A one-day strike in Finland halted public transportation and shut down ports nationwide on Friday as workers protested against government cutbacks aimed at trying to drag the Nordic country out of a three-year economic downturn.
Trains and city buses were not running. Finnair, the national carrier, cancelled about two dozen domestic flights and there were delays at airports, such as in Helsinki, where security staff briefly walked off.
The strike came after talks on a collective agreement on wages and working hours collapsed.
Three unions claiming to represent up to 2.2 million people – nearly half of Finland’s population of 5.5 million – are protesting government cutbacks, including limits to holiday benefits and overtime pay.
Juha Sipila’s government says the measures are necessary to improve Finland’s competitiveness, lift exports and investments, and create new jobs.

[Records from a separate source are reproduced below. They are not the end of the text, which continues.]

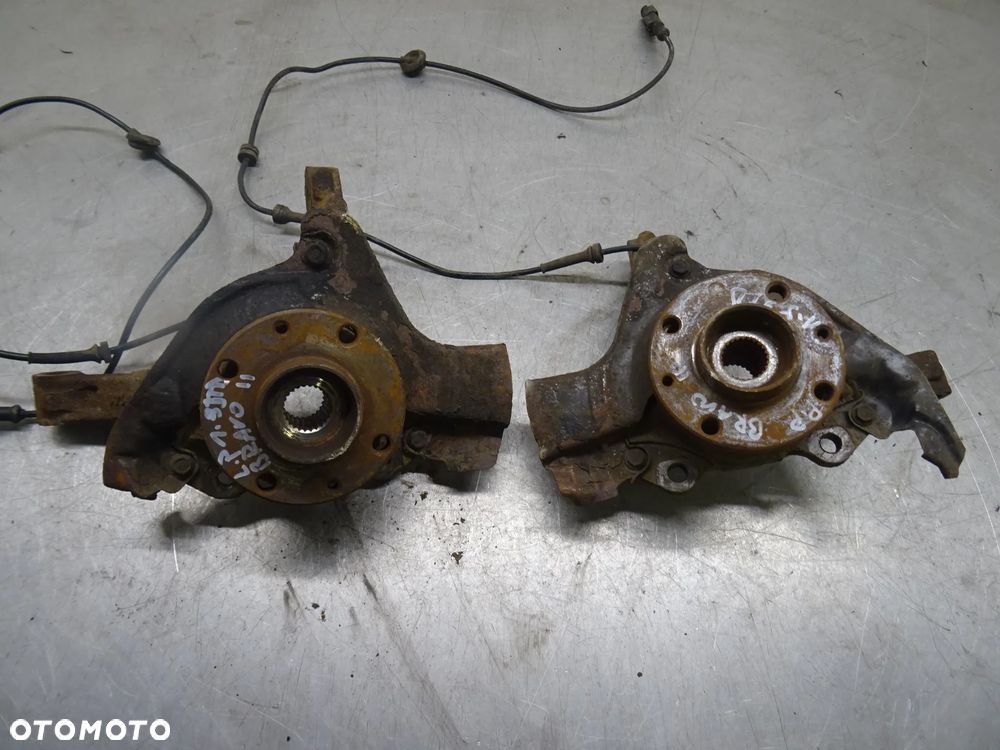 FIAT BRAVO II 07-10 1.9 JTD PIASTA ZWROTNICA PRAWY PRZÓD - 1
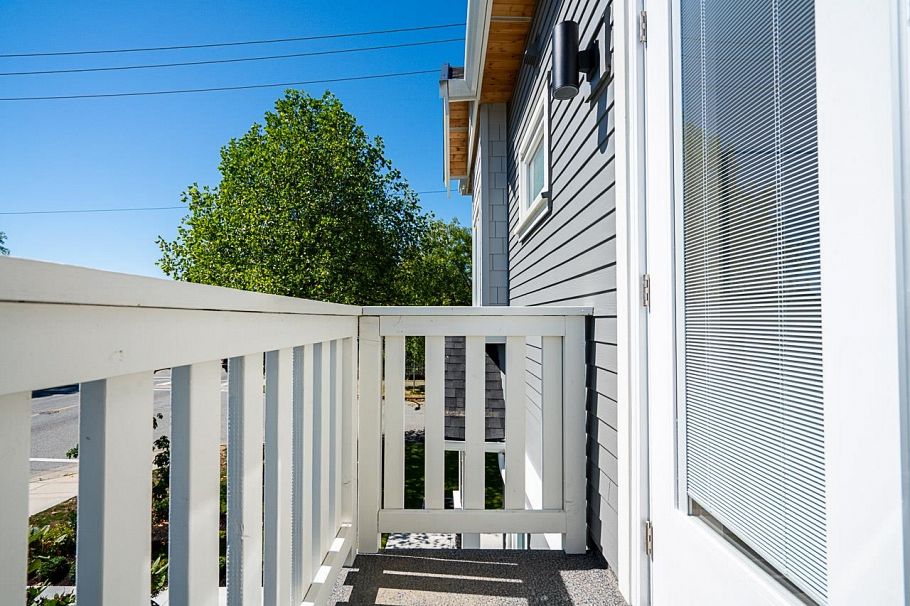 2103 E 33rd Avenue Vancouver, BC - 22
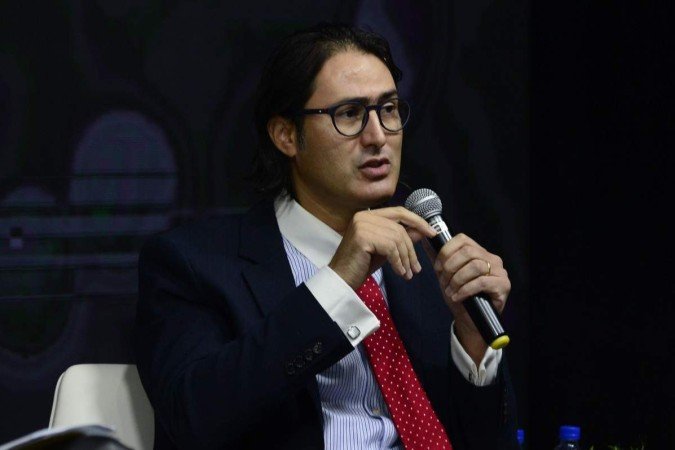  O titular da 2ª Promotoria de Violência Doméstica em Brasília e colaborador do Núcleo de Direitos Humanos do MPDFT, Thiago Pierobom, participa do evento 'Correio Debate ? Combate ao Feminicídio: uma responsabilidade de todos', com moderação das jornalistas Adriana Bernardes e Ana Maria Campos. 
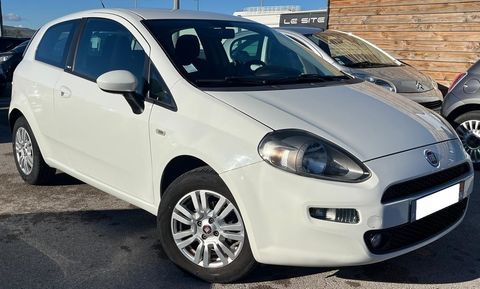 Fiat Punto Nuova 3 portes 1.2 i 69 cv * Finition Italia /CLIM / 2 2015 occasion Gigean 34770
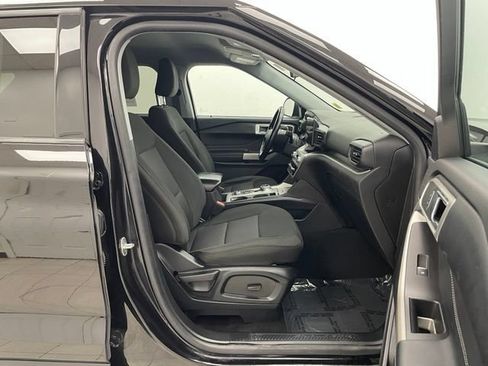 Used 2022 Ford Explorer XLT AWD/4WD image 17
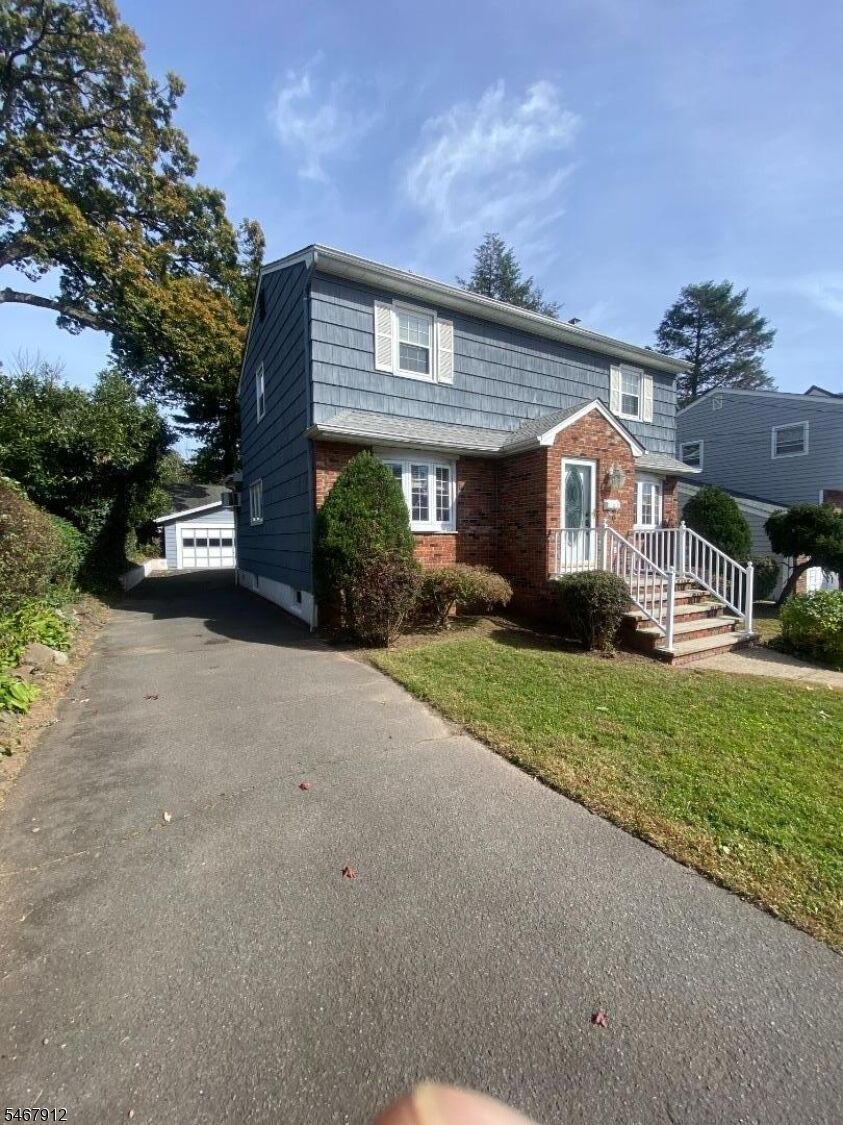 Property Photo:  30 Burnett Pl  NJ 07110 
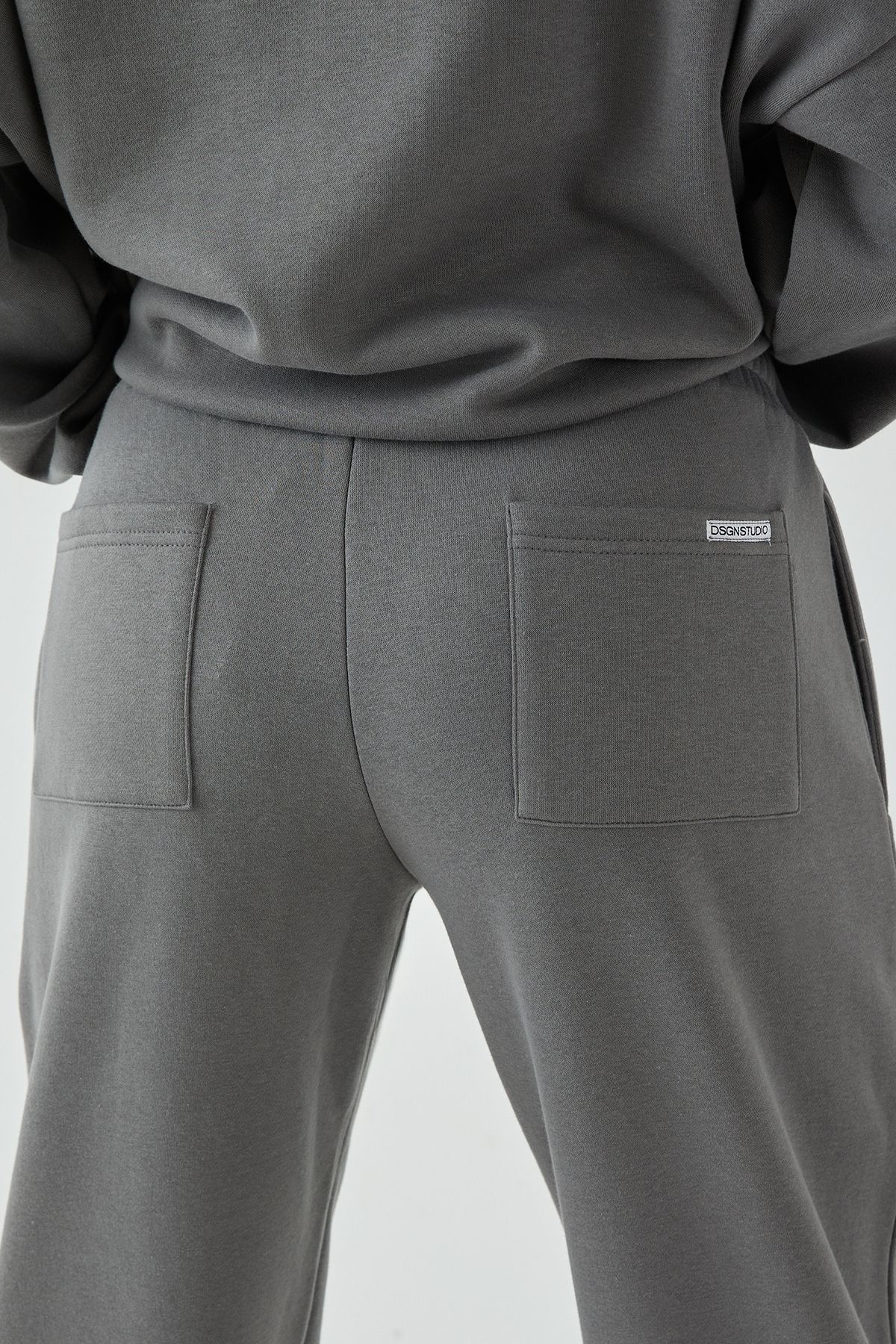 DSGN Studio DSGN Studio Oversized Cuffed Jogger Charcoal image 5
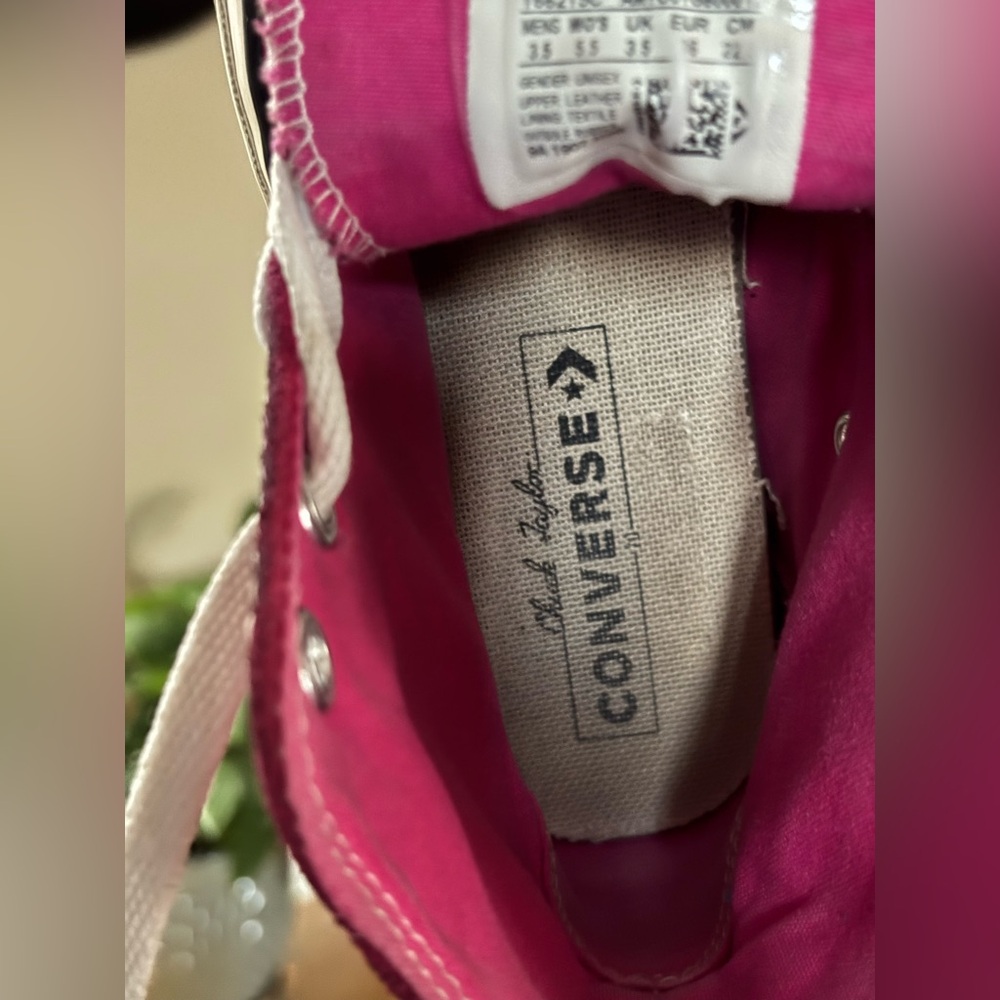 Converse shoes Chuck Taylor high top women’s size 5.5 hot pink suede - Picture 9 of 9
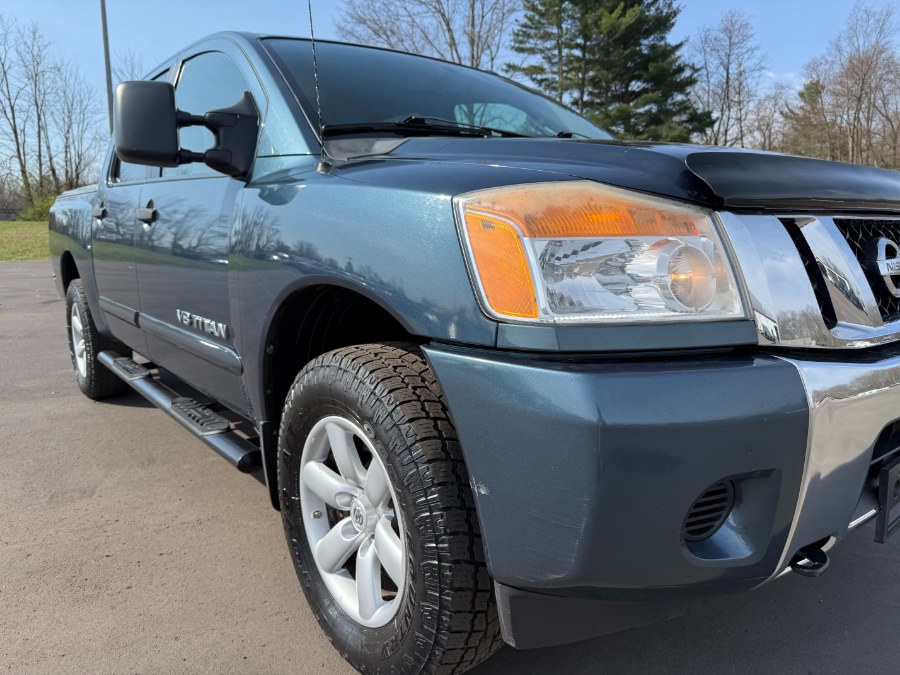 2013 Nissan Titan SV photo
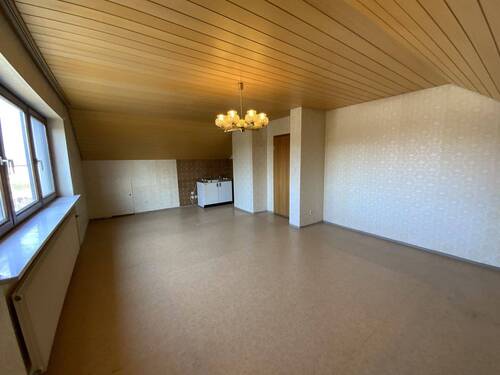 Wohnzimmer mit Küche DG - 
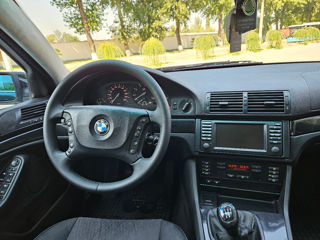 BMW 5 Series foto 9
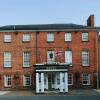 Отель Wynnstay Hotel, Oswestry, Shropshire в Освестри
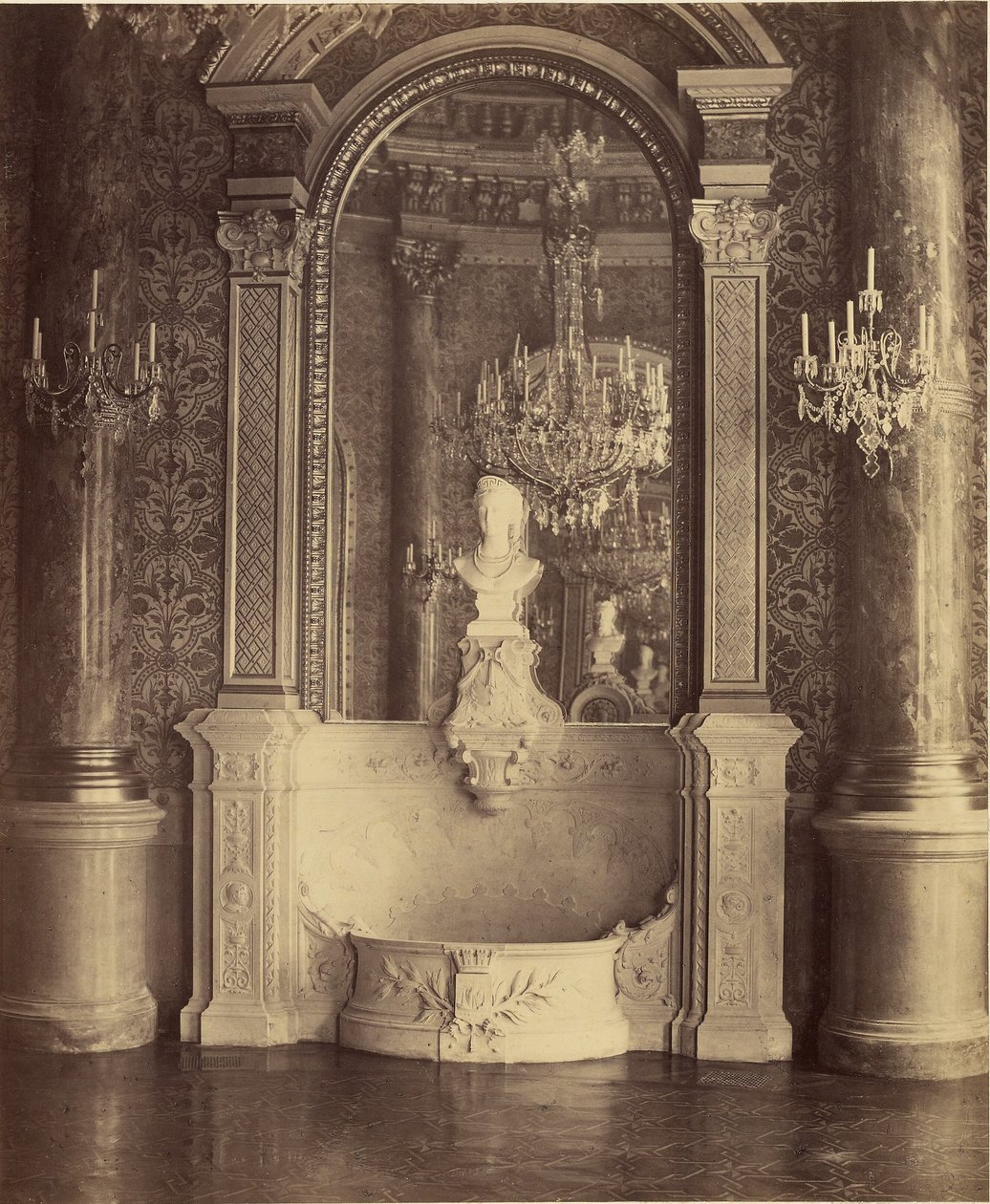 Innenansicht eines Palastes, wahrscheinlich das Hôtel de Ville, Paris von Charles Marville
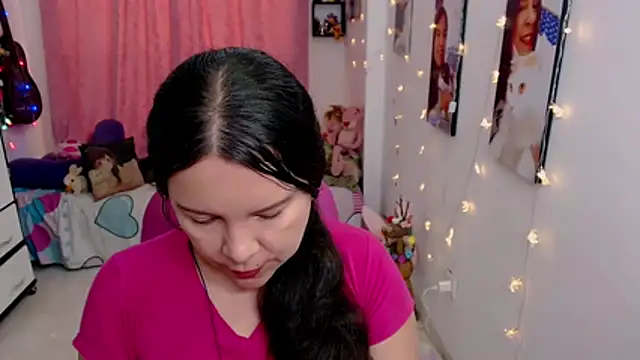 claryssa  online show from June 6, 8:02 pm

“The global economy has been growing for the last few years, but we have not managed to board that train,” Sipila said in a speech this week.
After taking office in May, the Finnish prime minister attempted to get the unions and employers’ organisations to agree on cuts as part of a so-called social contract, but the talks failed.
On Friday, he gave employers and unions until September 30 to agree on cuts before going to parliament.
Sipila heads a government comprising his Centre Party, the conservative National Coalition Party, and the populist Finns Party.